On the 17th Luft went up and on the 18th reached a spot where the track ended abruptly in a mass of avalanche debris.

Three ruck-sacks and the remains of a tent lay in the snow.  He tried to dig them out but failed.  Ice axes are not meant for mass excavation.  He then hurried down to the Base Camp arriving late at night.
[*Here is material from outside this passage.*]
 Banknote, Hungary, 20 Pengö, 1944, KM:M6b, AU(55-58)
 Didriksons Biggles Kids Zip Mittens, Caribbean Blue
When I heard his story I immediately sent out runners asking for men and tools.  To go up on the mountain without them was impossible.  Everyone was obviously dead and to make an ill-equipped attempt was not only to ensure failure but to jeopardise the lives of those making it.

The next days were bad.  Waiting was the only game but it was the one for which we had the least taste.  At last the tools came and Luft and I set out again for Camp IV.  We made two attempts but the movement of the ice here is very rapid and collapsing cornices had causes so many avalanches that what had previously been a series of short difficult passages was now a vertical wall of ice, 2000 feet high.  On our second attempt we got up this but were defeated by a maze of crevices on the level bit at the top which simply defies description.  On the way down an avalanche missed us by under 15 yards.

On getting down again we got the news of the German relief party’s impending departure so settled down again to some more waiting.  When they arrived we went up again, and with this addition to our climbing strength reached camp IV by a most hazardous passage under the North Wall.

After two days exhausting work we found them, very battered by the ice and only distinguishable one from the other by the diaries which each man kept wrapped in a waterproof bag underneath his bead.

And now I am off to Srinagar for a bit, in the hope that fleshpots and fairies will restore my balance a bit.